● Prompt
Retype exactly the lines that run from the line with "よくわかるこれからの物流" to the final line of the entries, keeping both ends and nothing else.

Crawled caption data
>>>

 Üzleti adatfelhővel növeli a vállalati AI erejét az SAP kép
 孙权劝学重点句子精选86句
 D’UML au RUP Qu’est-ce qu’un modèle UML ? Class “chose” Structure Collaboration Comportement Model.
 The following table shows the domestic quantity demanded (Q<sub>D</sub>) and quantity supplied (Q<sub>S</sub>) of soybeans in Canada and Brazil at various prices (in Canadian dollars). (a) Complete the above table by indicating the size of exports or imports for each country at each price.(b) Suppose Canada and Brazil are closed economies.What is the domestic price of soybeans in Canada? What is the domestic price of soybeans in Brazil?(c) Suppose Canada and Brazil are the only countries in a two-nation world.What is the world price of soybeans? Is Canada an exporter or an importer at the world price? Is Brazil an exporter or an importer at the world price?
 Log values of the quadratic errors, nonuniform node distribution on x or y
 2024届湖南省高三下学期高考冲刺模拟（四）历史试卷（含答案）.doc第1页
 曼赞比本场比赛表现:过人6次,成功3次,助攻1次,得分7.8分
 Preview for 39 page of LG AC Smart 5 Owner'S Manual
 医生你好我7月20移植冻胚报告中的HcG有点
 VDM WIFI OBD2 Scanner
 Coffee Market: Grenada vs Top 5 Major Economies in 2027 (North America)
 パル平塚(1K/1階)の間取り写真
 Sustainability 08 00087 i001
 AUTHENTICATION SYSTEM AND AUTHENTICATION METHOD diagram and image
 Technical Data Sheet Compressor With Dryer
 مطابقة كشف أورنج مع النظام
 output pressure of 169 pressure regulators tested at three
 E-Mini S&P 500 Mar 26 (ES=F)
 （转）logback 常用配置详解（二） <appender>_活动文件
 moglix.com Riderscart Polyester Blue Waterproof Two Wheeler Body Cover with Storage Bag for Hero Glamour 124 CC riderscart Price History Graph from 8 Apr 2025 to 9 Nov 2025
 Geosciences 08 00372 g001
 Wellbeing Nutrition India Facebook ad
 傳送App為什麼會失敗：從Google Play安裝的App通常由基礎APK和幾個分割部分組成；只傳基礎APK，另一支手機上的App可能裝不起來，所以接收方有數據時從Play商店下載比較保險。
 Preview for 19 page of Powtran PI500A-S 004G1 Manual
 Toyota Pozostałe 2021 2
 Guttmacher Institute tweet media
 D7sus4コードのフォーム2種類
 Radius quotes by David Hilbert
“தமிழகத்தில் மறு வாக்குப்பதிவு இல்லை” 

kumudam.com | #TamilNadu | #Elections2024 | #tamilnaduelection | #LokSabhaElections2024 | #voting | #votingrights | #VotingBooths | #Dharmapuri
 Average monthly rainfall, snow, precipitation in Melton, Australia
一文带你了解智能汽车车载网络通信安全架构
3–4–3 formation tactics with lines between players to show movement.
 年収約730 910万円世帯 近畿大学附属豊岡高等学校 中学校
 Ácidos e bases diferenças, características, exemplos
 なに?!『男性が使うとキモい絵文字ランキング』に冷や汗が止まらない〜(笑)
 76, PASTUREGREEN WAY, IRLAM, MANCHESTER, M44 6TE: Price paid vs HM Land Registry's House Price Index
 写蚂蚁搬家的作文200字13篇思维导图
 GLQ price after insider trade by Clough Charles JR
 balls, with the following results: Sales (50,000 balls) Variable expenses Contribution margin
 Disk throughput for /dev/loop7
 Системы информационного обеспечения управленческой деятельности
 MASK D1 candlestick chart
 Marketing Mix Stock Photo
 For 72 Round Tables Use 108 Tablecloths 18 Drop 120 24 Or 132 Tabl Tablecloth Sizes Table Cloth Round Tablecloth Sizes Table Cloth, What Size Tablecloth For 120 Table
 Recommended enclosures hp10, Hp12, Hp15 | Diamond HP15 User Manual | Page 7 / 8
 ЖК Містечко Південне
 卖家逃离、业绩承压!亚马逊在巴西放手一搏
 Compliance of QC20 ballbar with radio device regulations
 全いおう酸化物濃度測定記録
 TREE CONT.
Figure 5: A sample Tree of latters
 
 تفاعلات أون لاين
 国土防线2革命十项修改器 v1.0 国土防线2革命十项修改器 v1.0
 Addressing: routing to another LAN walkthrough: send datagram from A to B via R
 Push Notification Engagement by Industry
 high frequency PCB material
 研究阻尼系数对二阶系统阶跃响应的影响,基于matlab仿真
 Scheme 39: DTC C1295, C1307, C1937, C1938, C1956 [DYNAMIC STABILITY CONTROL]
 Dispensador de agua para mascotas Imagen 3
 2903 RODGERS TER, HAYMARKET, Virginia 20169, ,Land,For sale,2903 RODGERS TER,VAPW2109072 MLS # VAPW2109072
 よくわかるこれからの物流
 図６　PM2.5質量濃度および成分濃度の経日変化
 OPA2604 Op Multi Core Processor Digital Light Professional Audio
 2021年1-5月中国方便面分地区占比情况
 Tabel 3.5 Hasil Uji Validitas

<<<

● Task output
 よくわかるこれからの物流
 図６　PM2.5質量濃度および成分濃度の経日変化
 OPA2604 Op Multi Core Processor Digital Light Professional Audio
 2021年1-5月中国方便面分地区占比情况
 Tabel 3.5 Hasil Uji Validitas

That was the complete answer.